3. Information about the policy you have in place to refund tuition fees and other relevant costs to your students and to provide compensation where necessary in the event that you are no longer able to preserve continuation of study
UAL now has a Refund and Compensation Policy
UAL’s current assessment is that there are no students for whom we have identified a risk of non-continuation of study. Nevertheless should an instance occur that commits UAL to invoking its Refund and Compensation Policy we have sufficient cash reserves to draw on to meet conceivable demands. UAL’s financial strength is outlined in section 1 in the first paragraph.
4. Information about how you will communicate with students about your student protection plan
The University will publish this Student Protection Plan on the website for potential students. Students will be made aware of the Plan as part of the offer process with a link provided in the offer letter.
We will publicise this Student Protection Plan to current students through placement on the student orientated intranet, and reference in induction and other material given to students at the start of their studies.

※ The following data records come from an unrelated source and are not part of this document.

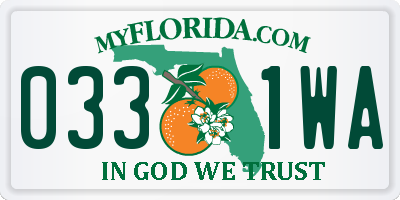 FL license plate 0331WA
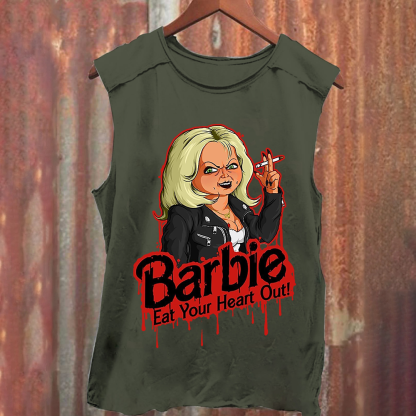 Unisex Casual chucky Barbie- Eat your heart out Printed Tank Top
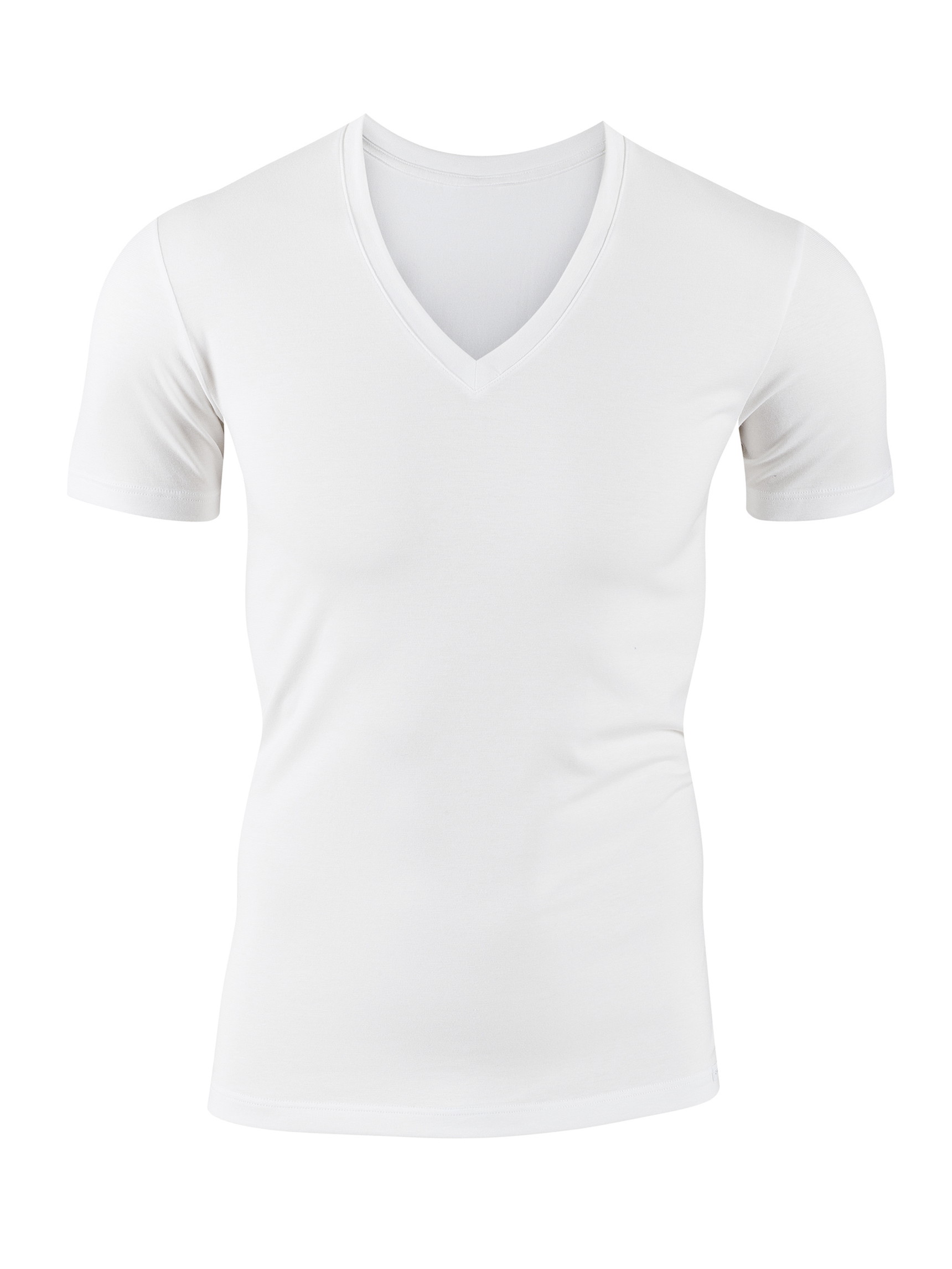 Uomo - V-shirt in Cotone di colore Bianco, Tinta unita, della serie Evolution di CALIDA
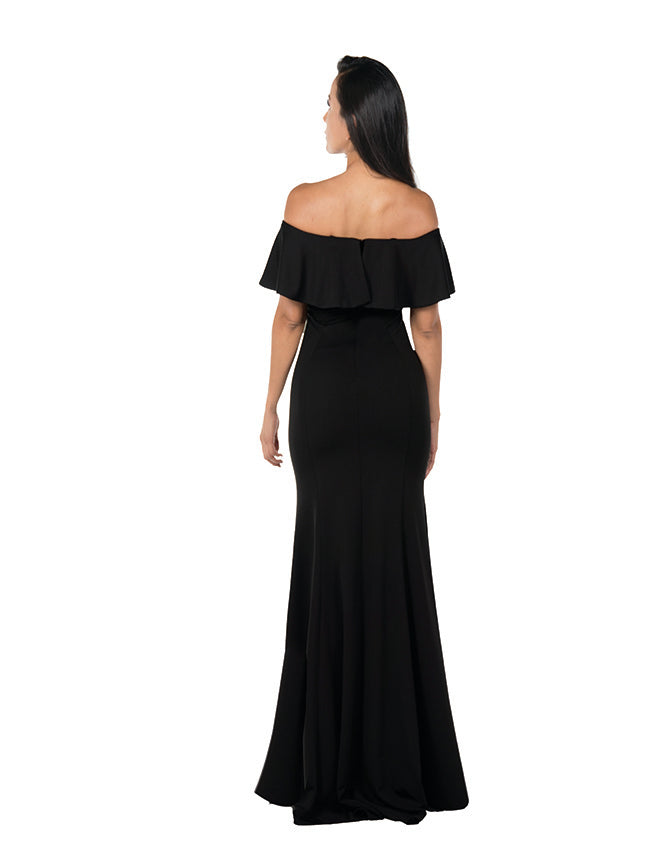 Poly USA 8146 Fitted Long Ruffled Off Shoulder Dress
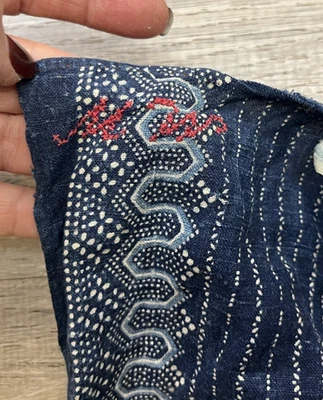 Delantal tela pañuelo índigo antiguo pradera primitiva algodón textil 19c 1800s Foto 1 de 4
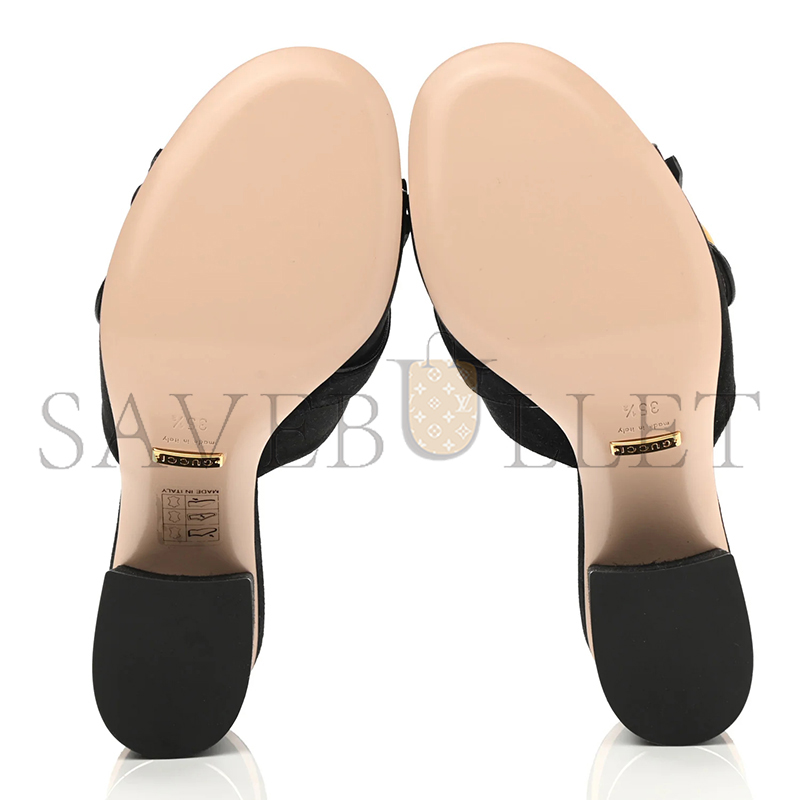 GUCCI WOMEN'S BLACK SUEDE GG MARMONT SLIDE 458051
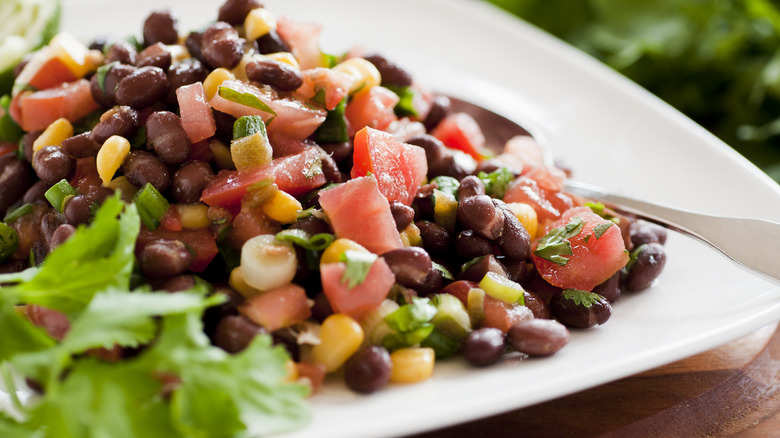 Salsa salad with beans, on a plate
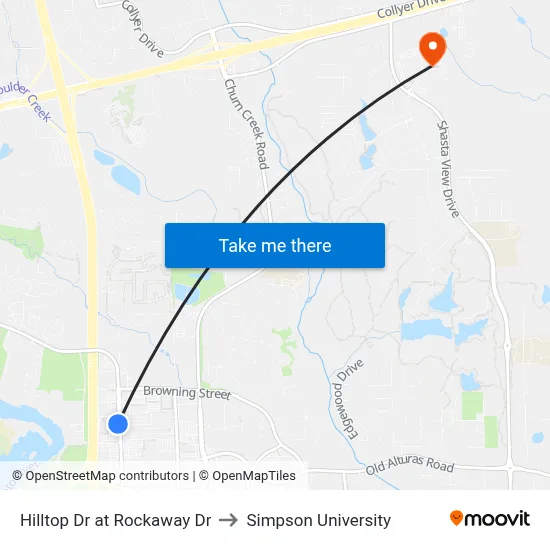 Hilltop Dr at Rockaway Dr to Simpson University map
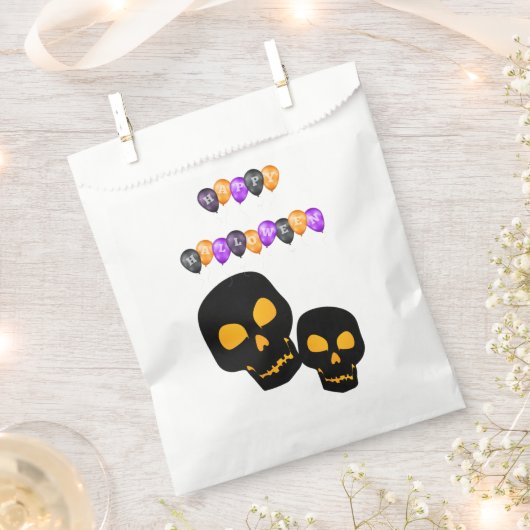 Black Skulls Frohe Halloween Balloons Geschenktütchen (Ausgeschnitten)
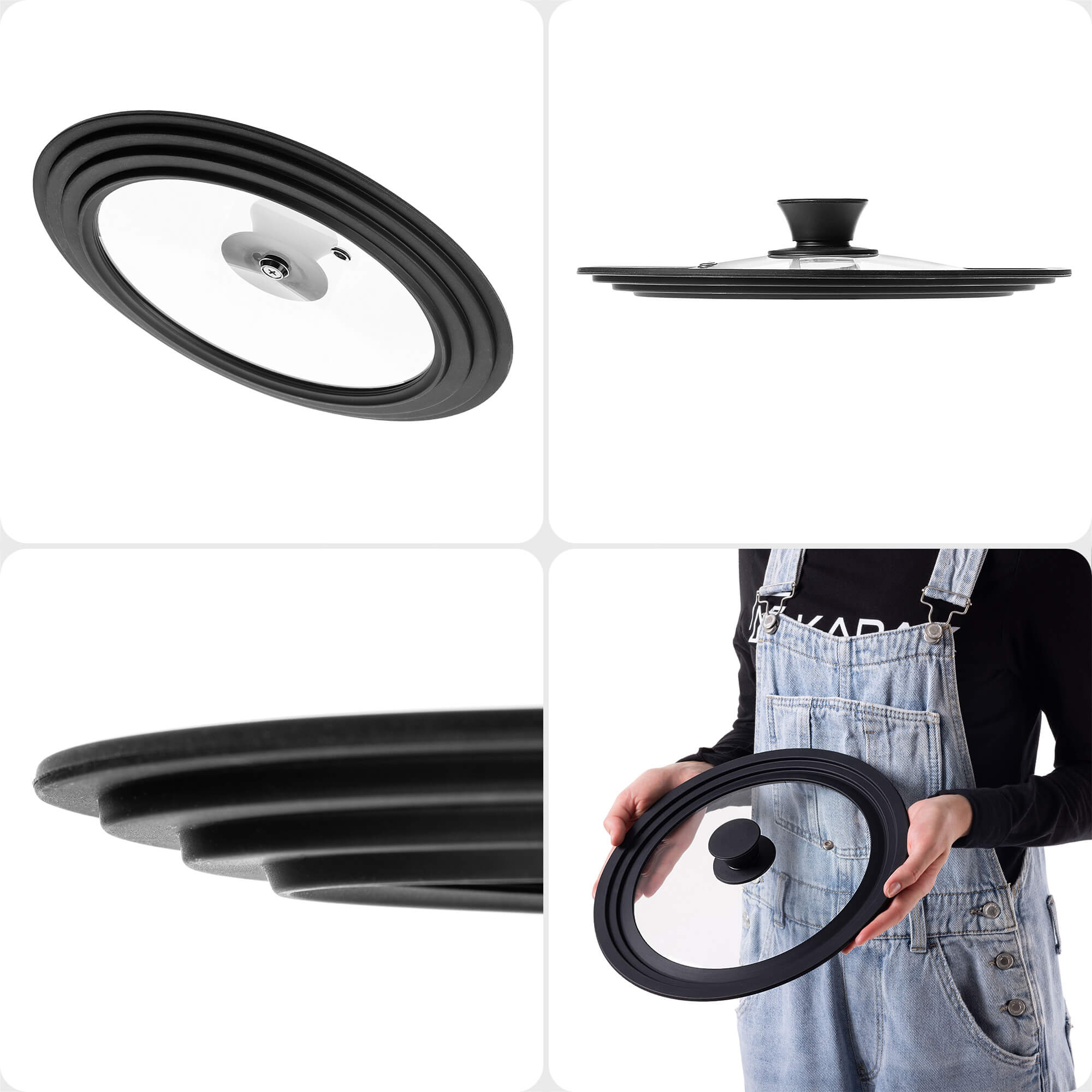 Pokrywa szklana multisize Aiola na garnek 24-28 cm z czarnym matowym uchwytem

The University has consulted the elected sabbatical team of the Students’ Union in this initial development of the first version of the Student Protection Plan. Approval of the plan is by Academic Board which includes student representatives. The University commits to working with the SU as the plan is revised through the regular business meetings held between senior university staff and the SU sabbatical team.
The Student Protection Plan is approved by the University’s Academic Board who delegate the ongoing monitoring and updating of the plan to the Academic Planning Sub Committee (APSC). All new course developments and course closure plans are monitored by APSC. Decisions on individual course closures or other changes that need to be reflected in the plan will be considered and approved by the Academic Planning Sub Committee and the overall plan reapproved on an annual basis by Academic Board. The University’s Course Closure Procedures require a consultation with students and staff before a decision to close is taken and the University’s Academic Quality and Standards Committee takes an overview of all courses in closure.
UAL commits to notifying students of any changes that may affect their studies in a timely manner. Should any measures in the Student Protection Plan need to be triggered, students will be notified by the Dean of School or Academic Programmes.
UAL commits to taking a decision to close undergraduate courses at least 12 months before the intake of the last cohort and 9 months for postgraduate courses.
UAL commits to consulting with students already studying on a course before taking a decision to close.
The University works closely with its Students’ Union on all university business and should this Student Protection Plan need to be invoked UAL will work with the SU to put in place ways for students to inform themselves of changes proposed or actions taken in response to events. The Students’ Union will provide independent advice to individuals or groups of students so they are clear on their rights and can question and challenge the University’s proposals if they consider this appropriate.